Celina: Having an “autism accepted” business model can help benefit the community in numerous ways. First, people with an ASD often have a skill set that is highly sought after in areas such as math, programming, or statistics to name of few, which are very valuable in certain professions. Additionally, employing people affected with autism will give them an opportunity to integrate easily into society, providing for themselves and reducing the “burden” on society that is now being seen with an older generation of people with autism. In the past, perhaps, people with autism didn’t receive proper education, therapy or training in self-help skills and are now affected by homelessness or placed in group homes.
Is having Asperger's difficult to accept? Is getting others to accept it a challenge?
Jim: Not really. To me it’s kind of easy. I don’t think of myself as any different. Maybe some other people who can’t speak or something. But not me.
Celina: I would say, from my perspective, Jim goes through challenges as a pre-teen, 12 year old boy. These are growing pains everyone experiences, perhaps they experience them differently, but all young people have to move through life
Why does acceptance matter to you?
Jim: I want people to accept me for who I am, not because I have Asperger’s. Next question.
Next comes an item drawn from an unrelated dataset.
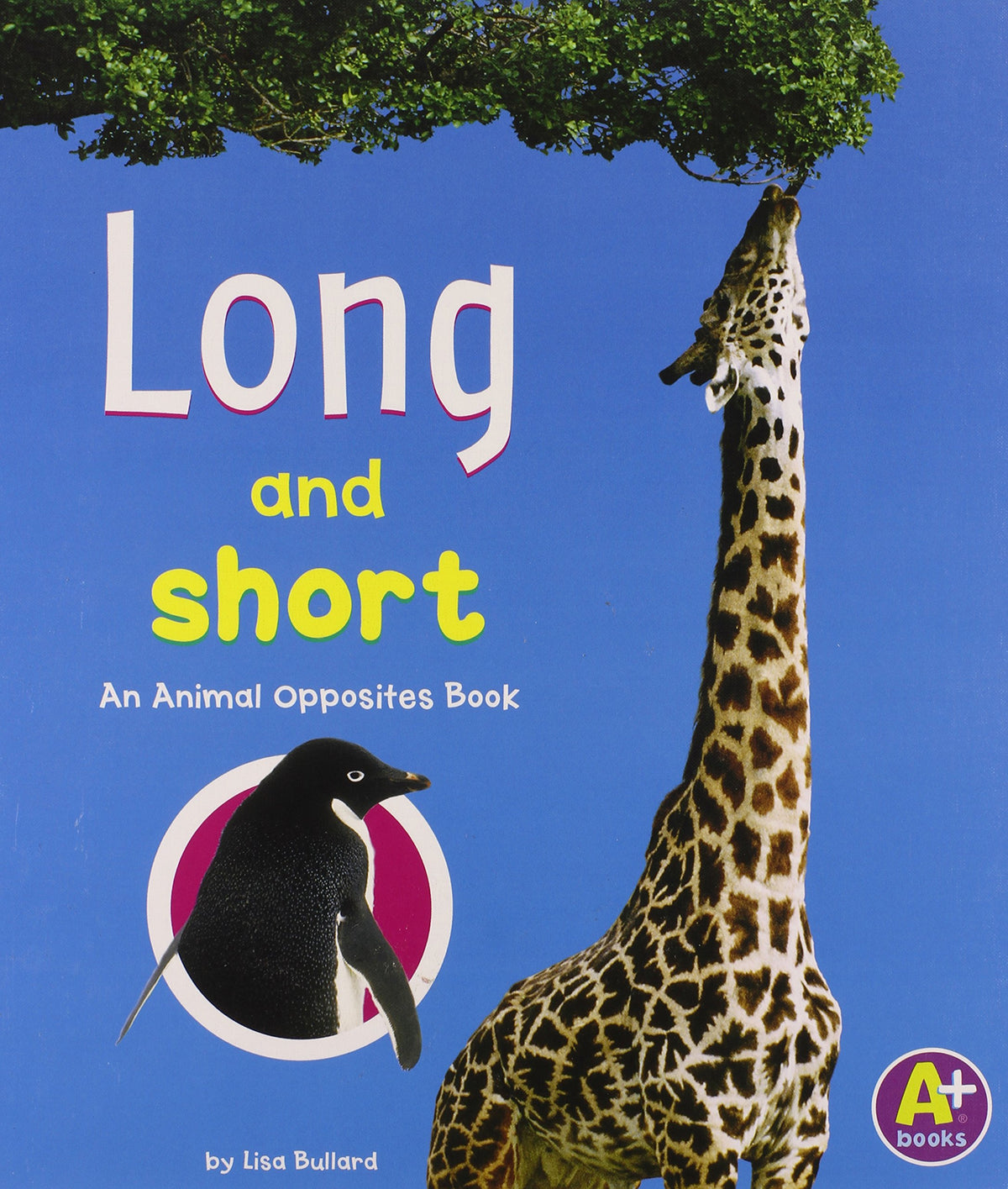 Long And Short: An Animal Opposites Book (A+ Books)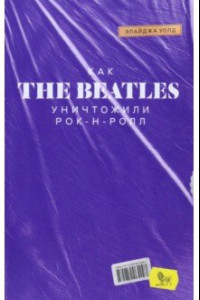 Книга Как The Beatles уничтожили рок-н-ролл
Breaking Barriers: And on that note, we leave you all to contemplate, take action, and get informed. Don’t just pick up a brochure, TALK to people with differences, learn something, share your experiences, and be connected and open. Its not about autism really, when you think about it…it's about humanity. We all have a shared experience, it's time to remember what we have in common and celebrate the differences that make our society so free and so diverse. Cheers, to a great today and an even greater tomorrow!